At the end of the 2025-26 fiscal year, Bangladesh's capital market saw a 25% rise in foreign portfolio investors' stock trading activity, both buying and selling, driving total foreign stock turnover to a four-year high.
Yet the market continued to suffer a net capital outflow as foreign investors ultimately pulled more money out of equities than they put in, according to market data and officials.
Although the overall market turnover rose by nearly Tk1,000 crore year-on-year to Tk4,943.09 crore in FY26 from Tk3,943 crore in the previous fiscal year, foreign investors remained net sellers for most of the year.
The Dhaka Stock Exchange (DSE) data showed that foreign stock turnover in last fiscal year hit a four-year high, matching levels not seen since FY22.
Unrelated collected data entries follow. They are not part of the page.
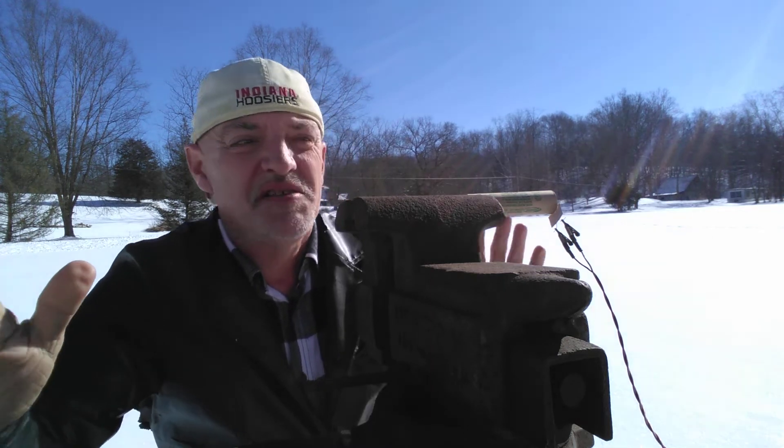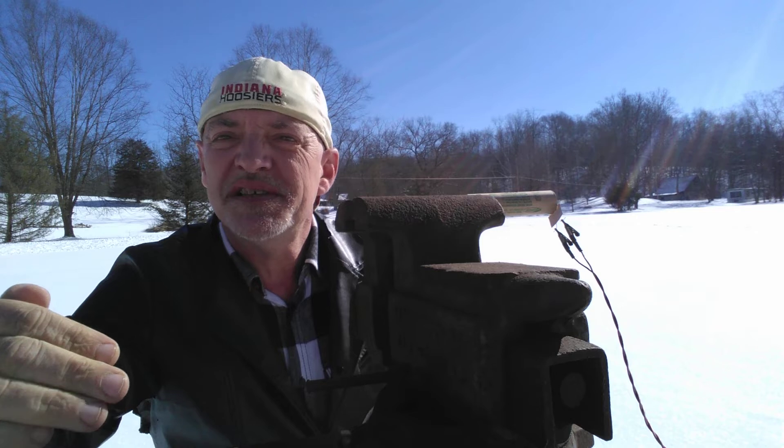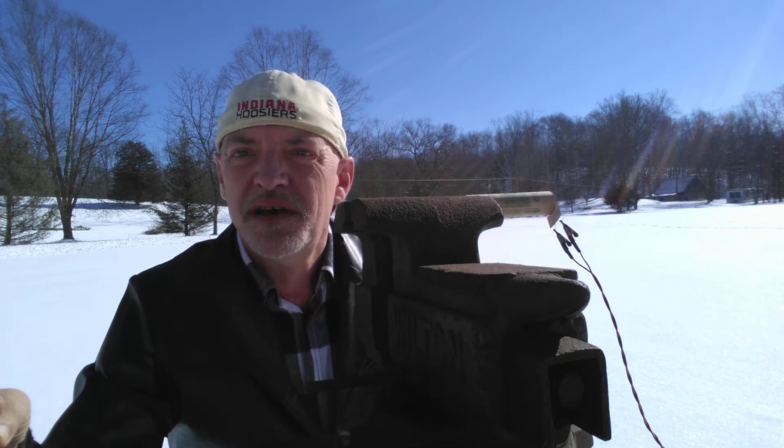Hi. Today we're going to be doing a test of the Estes E-12-6 model rocket engine. This model rocket engine is one of the upper-powered Estes engines used for larger rockets. It has a thrust of 2.7 seconds with a delay before parachute ejection of six seconds, giving your rocket a total flight time of 8.6 to 8.7 seconds before parachute ejection.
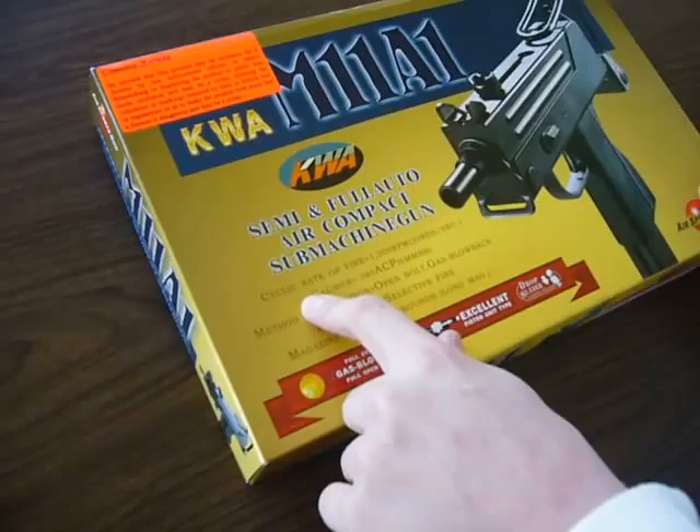Hey what's up, this is Luker0219 and today I'm going to be reviewing the KWA Mac 11.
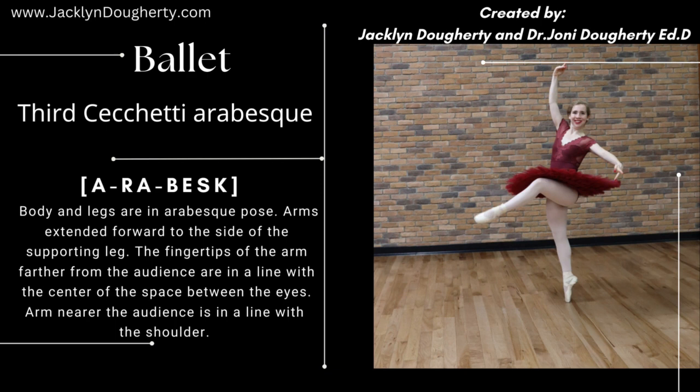For more ballet, visit Jacqueline Dougherty. Much love — Jacqueline Dougherty and Joni Dougherty.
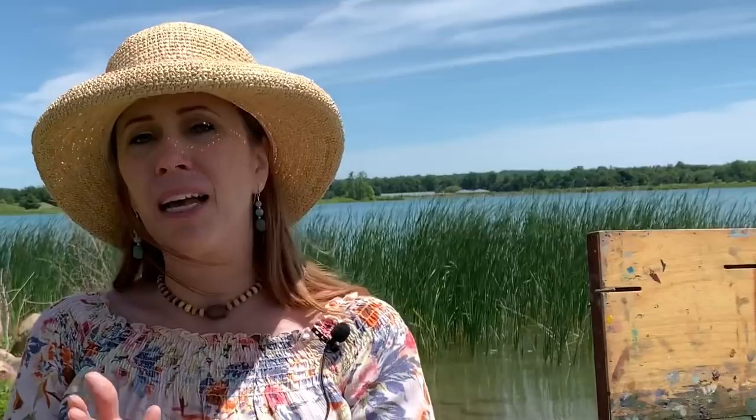Hey everybody, I am at the New London Water Reserve. It's a beautiful lake and you're going to hear all kinds of sounds in the background of families and fun and just the sounds of summer. So what I'm going to do today — my lesson is going to be on composing a scene. I'm going to take different elements: I love the rocks, the trees, and the way these reeds are kind of blowing in the wind. I'm going to take all of those different elements and compose a picture based off that.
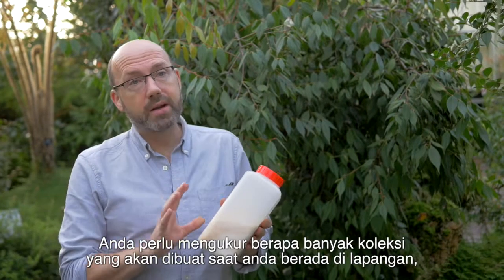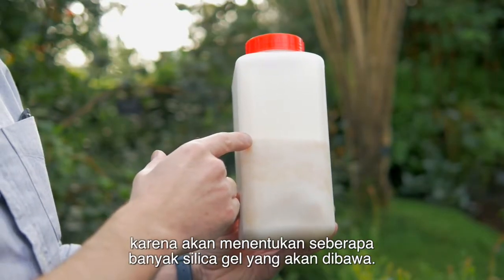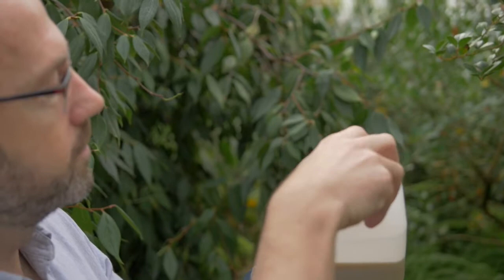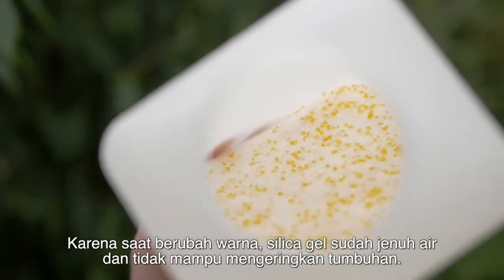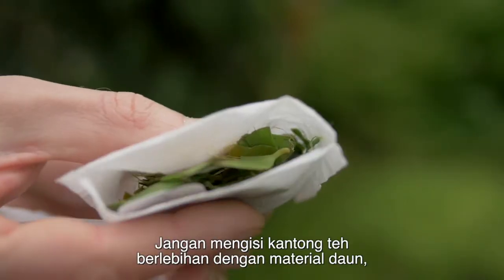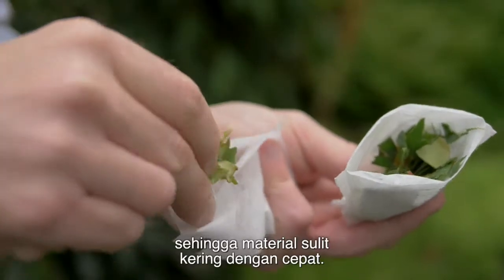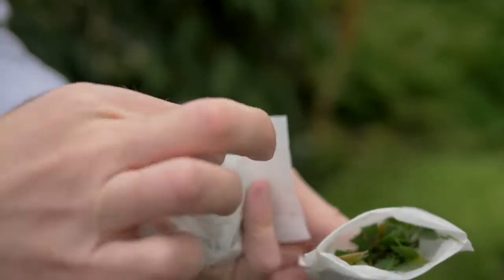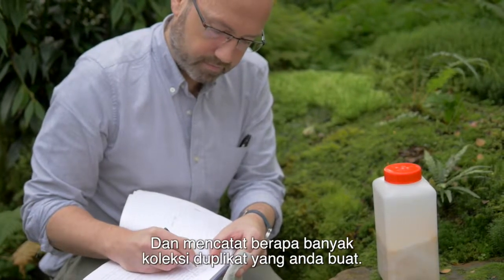It's important to estimate how many collections you're going to make when going into the field, because that allows you to work out how much silica gel to take with you — it's really important that the plants are covered in silica gel as soon as possible. Keep an eye on the silica gel indicator because when that changes colour, the gel is saturated and it won't be drying the plant, and at that point you have to replace it. It's important not to overfill your teabag with leaf material because that means the leaf material won't be in close contact with the silica gel and it won't dry out quickly. If you do need lots of leaf material, collect it in several teabags, making sure they all have the same number and noting how many duplicate teabag collections you've made.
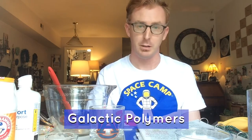Hello and welcome to Science Never Stops. I'm your host Joseph Vick with the U.S. Space and Rocket Center, and today's topic is galactic polymers.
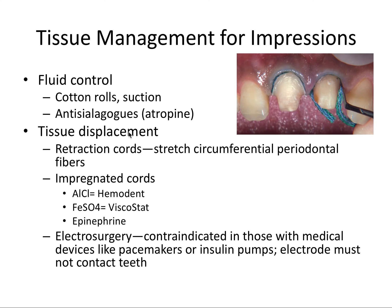For tissue displacement, we can use a number of options. Retraction cords are probably the most prevalent. We place them right under where the margin of the prep was prepared and into the periodontal apparatus, used to stretch the circumferential periodontal fibers out of the way. We can also impregnate those cords with certain medicaments: aluminum chloride, iron sulfate, or even epinephrine. These all promote hemostasis, because blood is another fluid that can mess up an otherwise perfect impression.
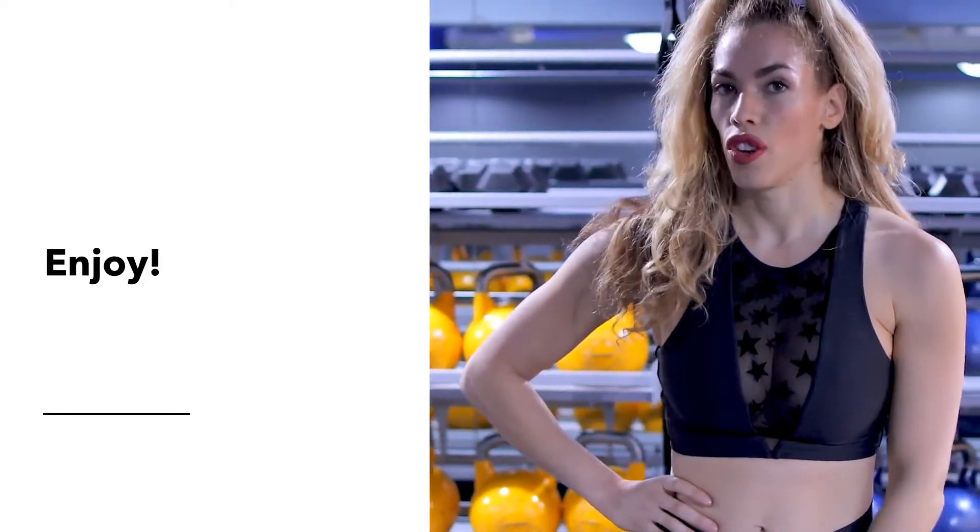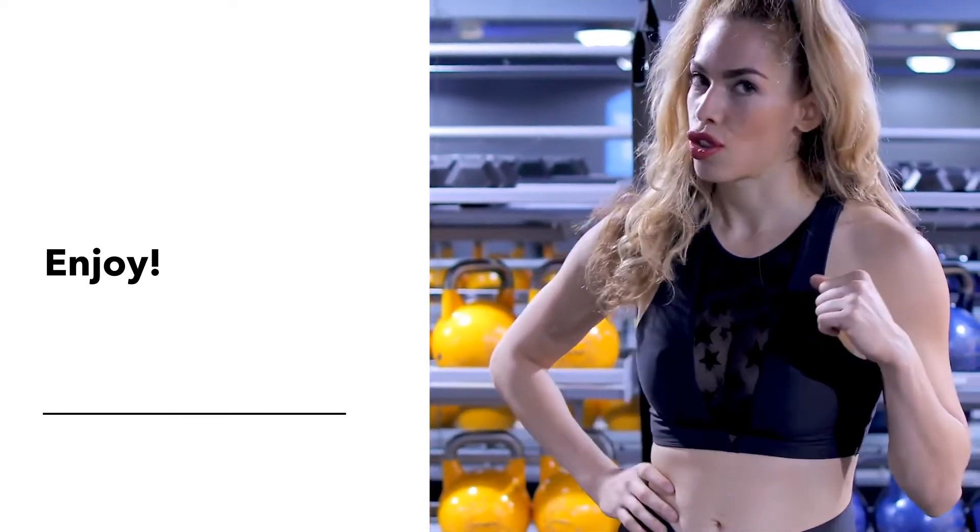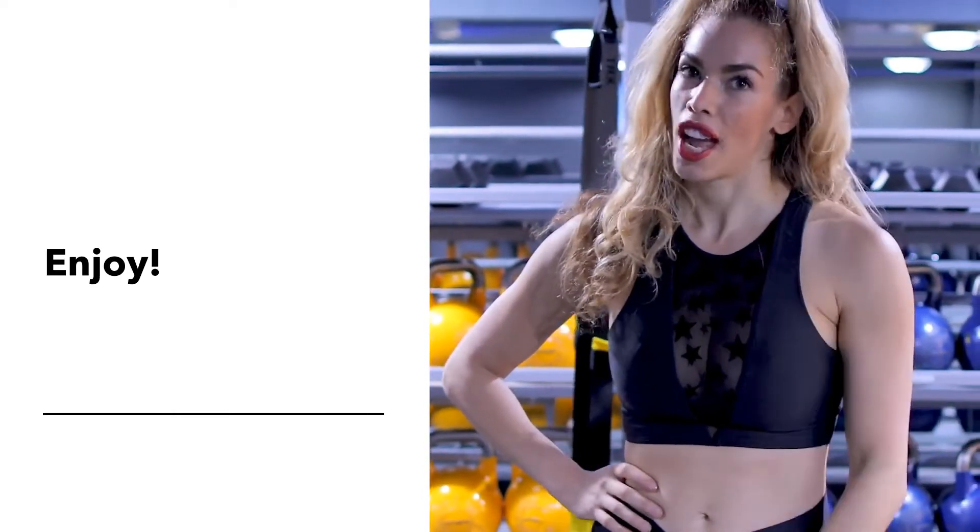And that is how you get a full body strength and conditioning workout with the TRX. It'll make you stronger and get you out of breath.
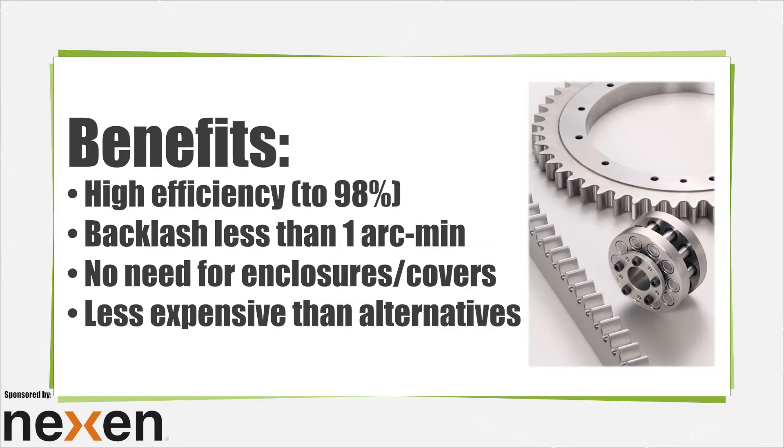Rack and pinion sets sometimes perform better than ball screw actuators because they're not impacted by adjacent bearings, couplings, or bores. They're also immune to stiffness degradation even over long lengths.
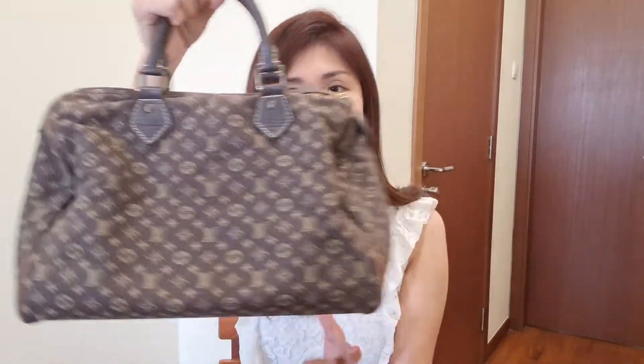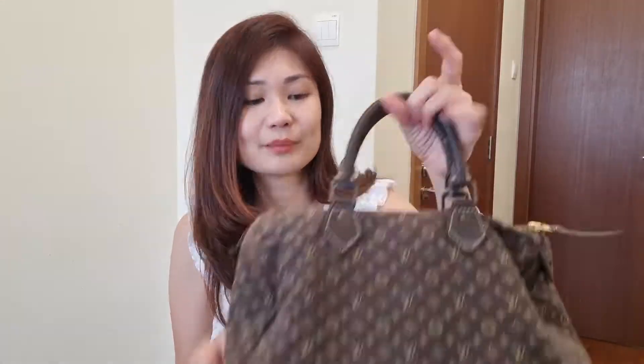The next bag is one that I got about one to two years after I started working — this is where I started my luxury journey. After I bought this bag, I used it to death and didn't get another bag until a few years later. My first purchased bag is actually a Speedy — this is also discontinued already. This is the Minilin Speedy 30. I've used this a ton and I can tell you it looks amazing. I used this as an everyday bag that I brought to work for a couple of years because it was my only luxury handbag. I bought this in 2008. It's a 10-plus-year bag now in semi-retirement mode, but once in a while I still pull this out to use because it's a very easy bag.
Heavy foreign selling ahead of the February national election, driven by political uncertainty and macroeconomic concerns, was followed by a brief rebound in inflows after the BNP-led government took office.
However, the momentum faded with the outbreak of the Iran-US conflict, which triggered another wave of foreign selling.
Market insiders attribute this shift to foreign portfolio investors pulling funds from Asian markets to concentrate on highly regulated capital markets, leading them to retreat from Bangladesh.
"Despite increased trading activity, foreign investors remained net sellers for most of the fiscal year, with particularly heavy selling pressure in June," a DSE official said on condition of anonymity.
"Following the assumption of office by the new BNP-led government, foreign portfolio investment in stocks surged as overseas investors poured funds into the market.
However, expectations of sustained foreign inflows faded after the beginning of the US-Iran war, the official added.
"Foreign investors' trading activity has picked up, but their selling volumes still exceed purchases, although the selling pressure has eased somewhat in recent months," said Saiful Islam, president of the DSE Brokers Association (DBA).
He said concerns over Bangladesh's vulnerability to energy price shocks during the Iran-US conflict prompted foreign investors to cut their exposure, adding that participation could recover once geopolitical tensions ease.
Saiful Islam also identified the capital gains tax regime and its calculation method as major impediments to attracting foreign investment, saying the DBA has repeatedly raised the issue with regulators.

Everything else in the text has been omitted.